__Given entries__.
○ ○ ○
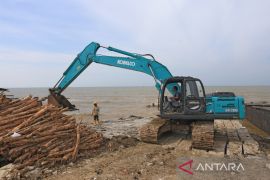 Penanganan abrasi pantai di Indramayu
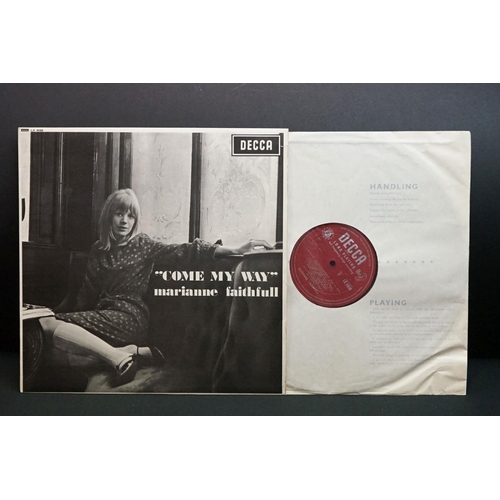 335 - Vinyl – 10 Marianne Faithfull - 10 albums featuring original early pressings and rarities to include... 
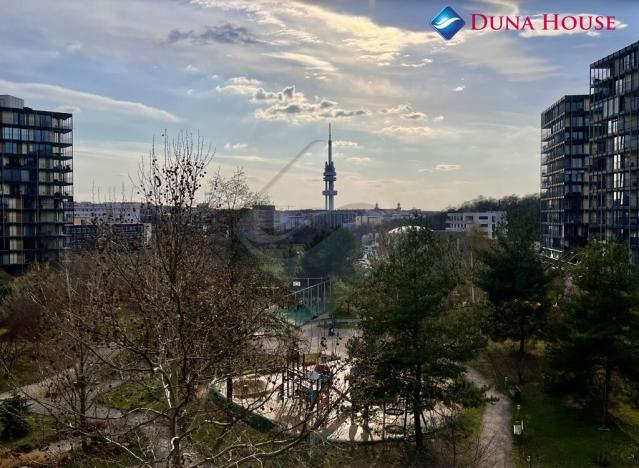 Prodej bytu 1+kk, Praha - Žižkov, Ke kapslovně, 54 m2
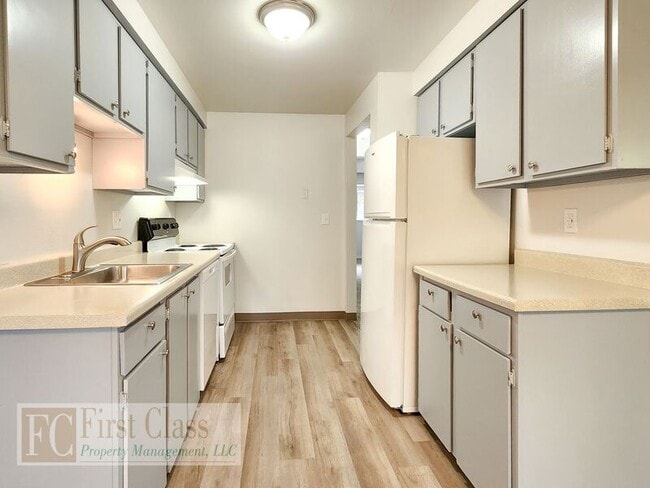 Building Photo - 1372 NE 186th Ave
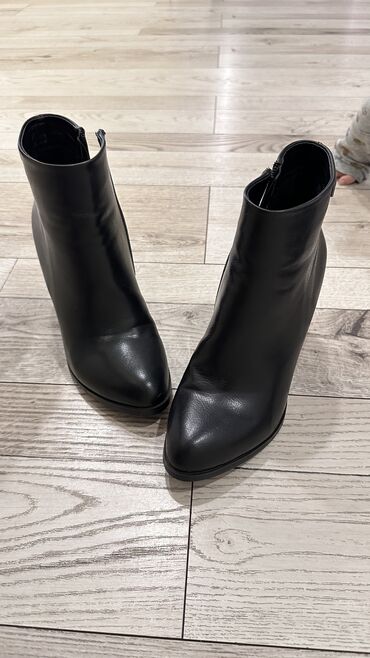 зимняя обувь мужские: Ботинки и ботильоны 38, цвет - Черный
○ ○ ○
This calls for each record above to be set down exactly, with the images skipped.

 Penanganan abrasi pantai di Indramayu
 335 - Vinyl – 10 Marianne Faithfull - 10 albums featuring original early pressings and rarities to include... 
 Prodej bytu 1+kk, Praha - Žižkov, Ke kapslovně, 54 m2
 Building Photo - 1372 NE 186th Ave
 зимняя обувь мужские: Ботинки и ботильоны 38, цвет - Черный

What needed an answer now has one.